Bogart shivered and pulled his parka closer around him. “So what was the reason worth a tank of jet fuel?” he asked Decker.
Decker eyed the three SUVs sitting on the tarmac, engines running and heaters, he hoped, turned on full blast.
“I’ll show you.”
They drove to the address of Belinda Wyatt’s former home. It was in a small community of post–World War II housing, each house nearly a carbon copy of its neighbor. The streets were frozen slush. The house was dark. No cars were in the driveway.
Decker sat in the backseat of the second SUV with Lancaster and Jamison next to him. Bogart was in front.
Decker looked out the window and said, “So it was recently sold?”
Bogart nodded. “Twenty months ago. Purchaser was a company.”
“Around four months before my family was killed. They’d need a place to stay and plan it all out.”
“You really think Wyatt bought her old house back?” said Lancaster. “And with it all those terrible memories?”
“This was her home. Not the behemoth where she killed her parents and wrapped them in plastic. Despite what happened to her, she might see it as a place of solace, of safety. And she probably used some of the bribe money to buy it. I’m sure she would have thought it fitting to use their blood money to buy back what they so desperately wanted to sell.”
Jamison shot him a glance. “And what do you think we’ll find inside?”
“Answers,” said Decker. “I hope.”
They went in through the front and rear while other agents manned the perimeter, to make sure no one inside could possibly escape.

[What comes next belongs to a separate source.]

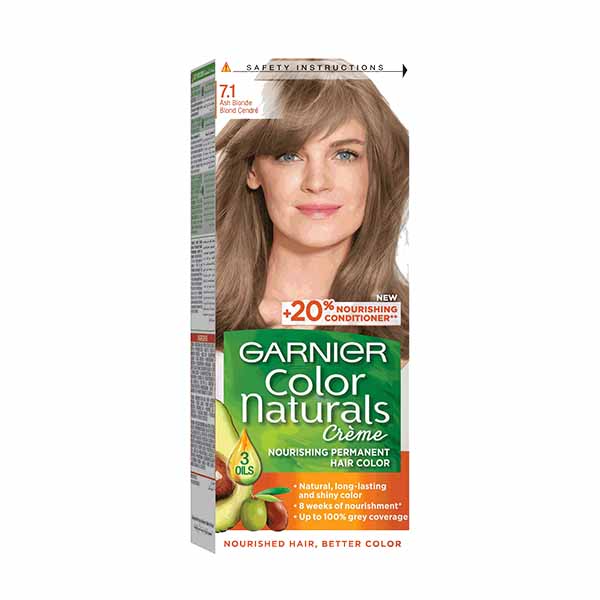 Ngjyre per floke naturals Garnier 7.1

They cleared each of the rooms and then settled in the basement.
“Damn!” exclaimed Bogart, gazing around. “I guess I expected to see walls covered in index cards with strings attached, running to other cards, like a manual version of an air traffic control system.”

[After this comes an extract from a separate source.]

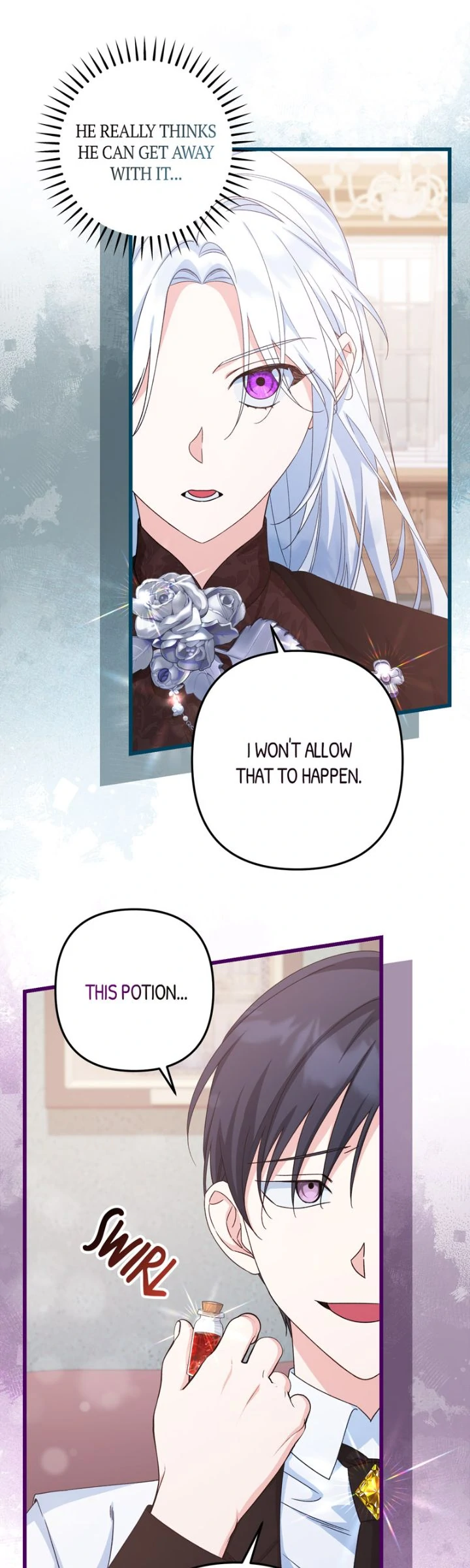 Will You Marry Me Under Contract, Your Highness? Chapter 52 - Page 9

But there was nothing like that down here. In fact, there was nothing but what one would expect to see in a basement: junk.
“I was hoping for the same thing,” said Decker. He looked all around, taking everything in, and started nodding as though the answer had occurred to him.
“Ironically, I overlooked one obvious but significant point. Wyatt has hyperthymesia. She doesn’t need a wall of index cards. It’s all in her head, every detail. And we don’t know what Leopold is yet, except strange and a hell of an actor. He plays a clueless idiot better than anyone I’ve ever seen. But there’s something else about him that I can’t pinpoint.”
Bogart said, “You told us he was inexplicable.”
“He is inexplicable. Everyone has an agenda, whether altruistic or self-serving. So he has one too. I just don’t know what it is yet.”
Bogart said, “Should we call in the locals?”
Decker shook his head. “No.”
“Why not? They get ticked when we don’t at least inform them of what we’re doing.”
“Because it could be that the ‘locals’ are the reason behind this whole thing. So we’re going to process what little there is down here.”
He started poking around a plastic shelf with a few boxes of junk on them. Jamison started going through stuff in another corner. Lancaster and Bogart exchanged a glance and then did likewise.
* * *
Two hours later, Bogart said, “Okay, there is nothing here. Nothing!”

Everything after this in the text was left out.